Haglund is featured artist in May at Charles City Arts Center
By James Grob, [email protected]
The work of local artist Karl Haglund will be the featured art in the month of May at the Charles City Arts Center.
Haglund’s exhibit is entitled “Patiently Standing on Nails” and will feature a variety of work, including acrylic paintings he composed earlier this year along with smaller watercolor pieces he’s been working on more recently.
The CCAC will host a reception for Haglund today (Friday) from 5-7 p.m. Admission is free and open to the public and refreshments will be served.
Haglund said he started painting for the exhibit at the beginning of the year, and the pieces had a theme of rebirth and renewal.
“January can be kind of bleak, so I was trying to paint in an optimistic manner,” he said.
That lasted for about a month and a half, he said. He then he stopped for a while before he began painting with watercolors, ink and colored pencils. The recent 9-by-12 paintings are smaller than the paintings that Haglund has typically produced over the years.
“I’ve always struggled working smaller. I’ve enjoyed working with a lot of space,” he said. “It’s fun, though, and if it’s fun, and I’m enjoying it, then I can continue to do it.”
Haglund said his mother worked in watercolor, and he has been using some of her old supplies that he obtained after she passed away.
Haglund and his wife, Jenna, have been in Charles City for nearly 18 years. They have two children.
Born in Wisconsin, Haglund grew up not too far away from Charles City, in Vinton. He said he was initially influenced by his mother, who was an established artist in Sweden when she met Haglund’s father, who was in Sweden playing baseball.
He completed high school in 1990 and attended college at NIACC, then transferred to Northern Iowa, where he studied anthropology.

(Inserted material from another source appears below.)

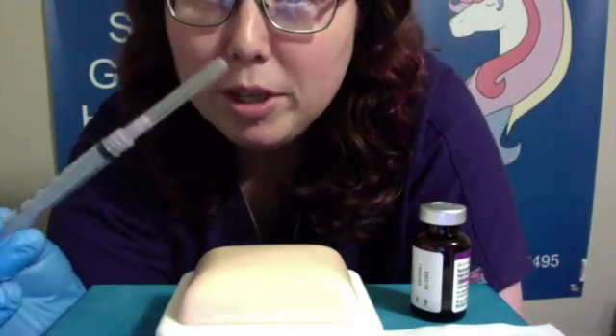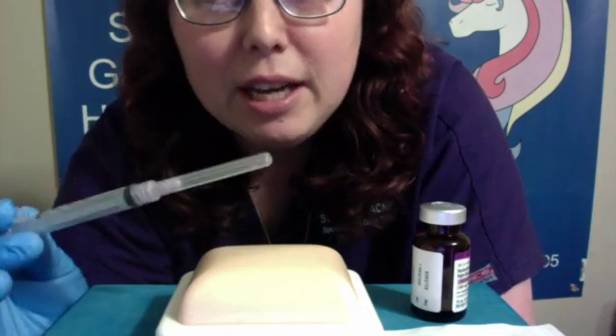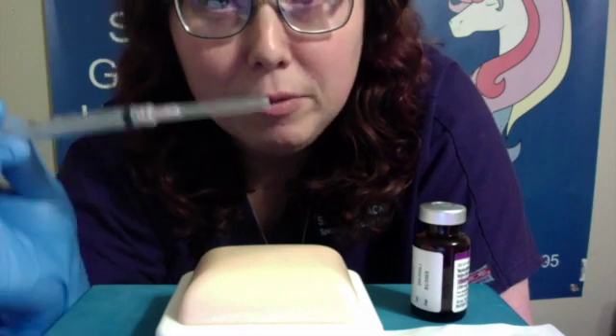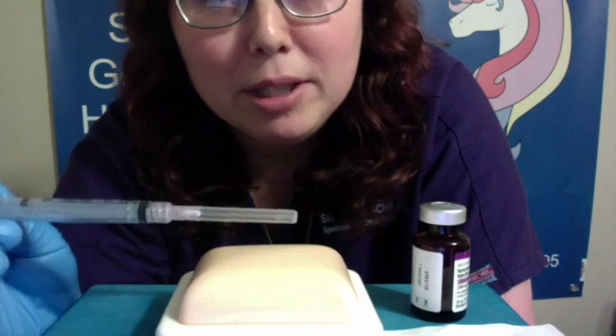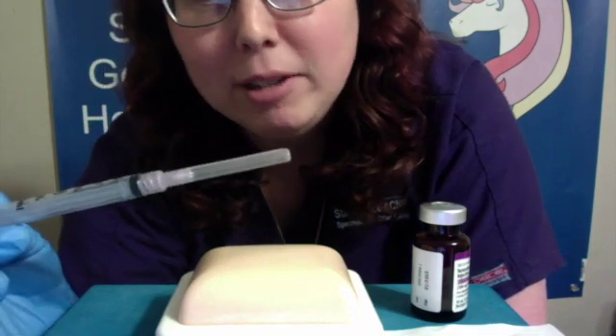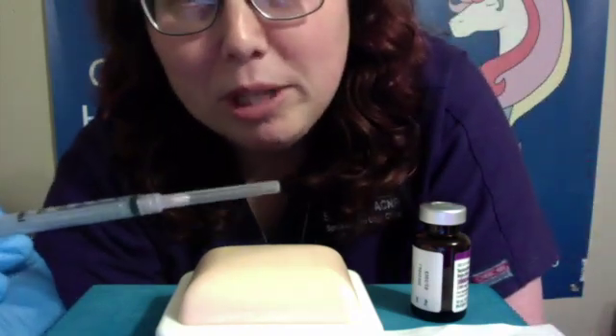This needle that I'm going to use is not anywhere close to what a subcutaneous needle looks like. This is very thick and long. It is only for demonstration purposes so that y'all can see what I'm doing, because if you couldn't see the needle — which you likely wouldn't be able to with a subcutaneous needle on this camera I have — then the technique would be a little bit lost.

While in grad school there, his hobby as a guitar player merged with his interest in art and led to an opportunity.
Haglund started doing paintings of famous guitars, and the endeavor got an enormous response. He has shipped his series of guitar paintings and prints all over the world and to all 50 states and worked with musicians like Jason Isbell and Billy Bragg.
He said that while a lot of people had been painting famous guitars, he believed he was the first person to combine the story of the guitar with a painting of the guitar. Over time, he painted more than 150 creations of famous guitars, held by the likes of musicians such as Jimmy Page, Eddie Van Halen and Mike McReady.

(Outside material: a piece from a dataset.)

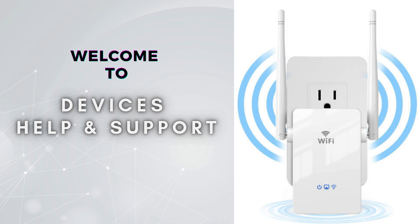Welcome to Device Help Support, your ultimate destination for everything related to device setup, troubleshooting, and optimizing your tech experiences. Subscribe to our YouTube channel for more videos related to setup, troubleshooting, and unboxing. And don't forget to press the bell icon so you don't miss our latest videos.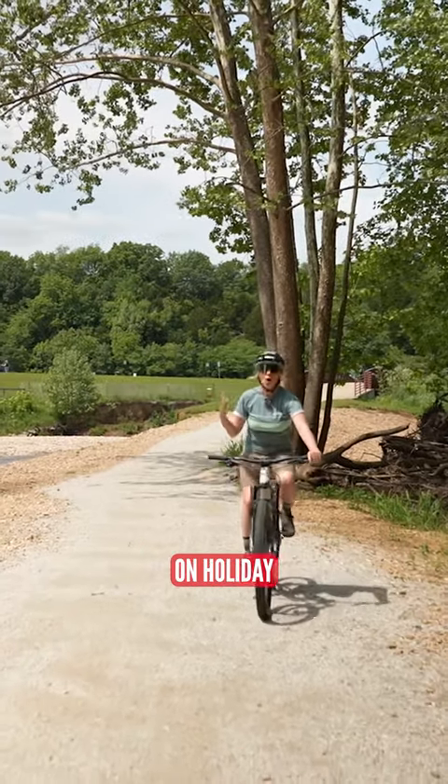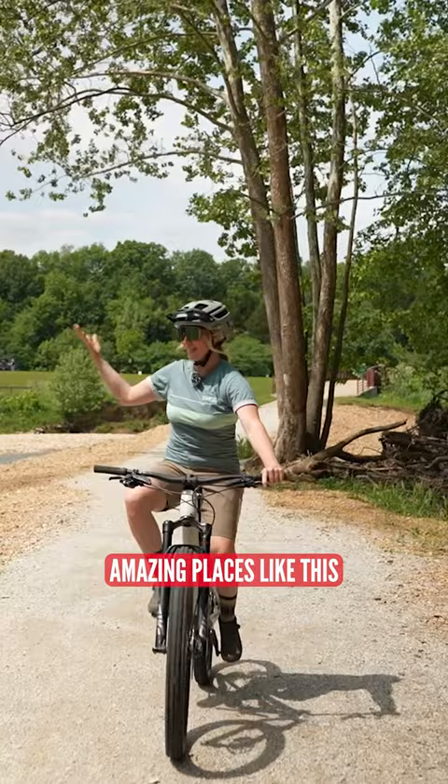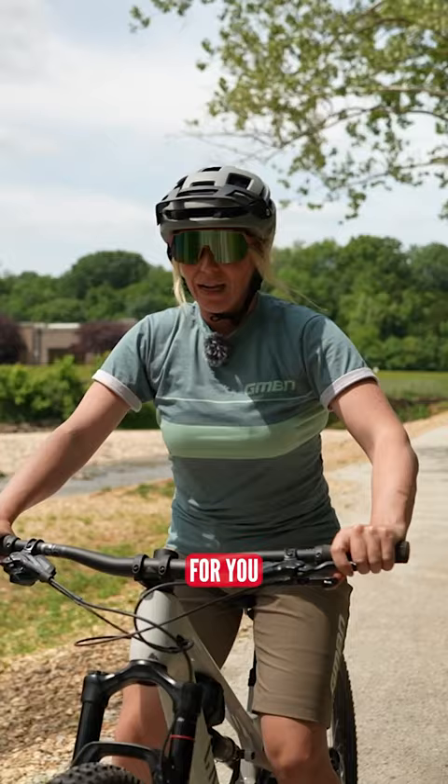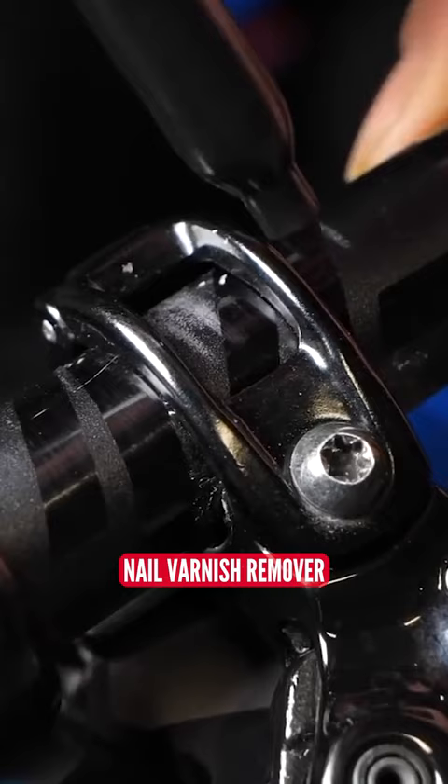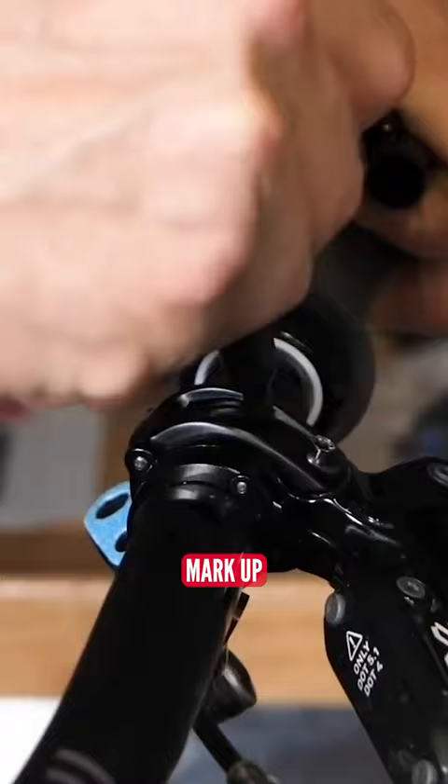If you love to travel and go on holiday with your bike and come to amazing places like Bentonville, then this is a little hack for you. I suggest marking up your cockpit because if you have to take your handlebars off to get it into a bike bag, then a little bit of nail varnish remover or a Sharpie or a marker pen will just about mark up where your handlebars need to be.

Haglund has shown his work all over Iowa, and has been seen in galleries and magazines and has done art shows in odd places like independent record stores, KDHX radio station in St Louis, coffee shops and even a bar where his paintings were “dazzling under the glow of a Dale Earnhardt Jr. Budweiser sign.”
This will be the second time his work will be on display at the CCAC. In March of 2020, his exhibit was entitled “Root: We All Took Vitamins And Played In The Street,” and featured pieces that Haglund called “contemporary abstract.”
Haglund has worked in multiple mediums and said he likes to reevaluate and change his approach to art and his ideas on subject matter, but has remained true to an independent do-it-yourself approach to art and its selling.
He sold several pieces at his last exhibit at the CCAC, and said that he hopes people will enjoy his work.
“I’m trying to price everything so it’s affordable and accessible,” Haglund said. “Art is something that oftentimes is viewed as something only fancy people buy, and it doesn’t have to be that. I think more people should buy art from local artists.”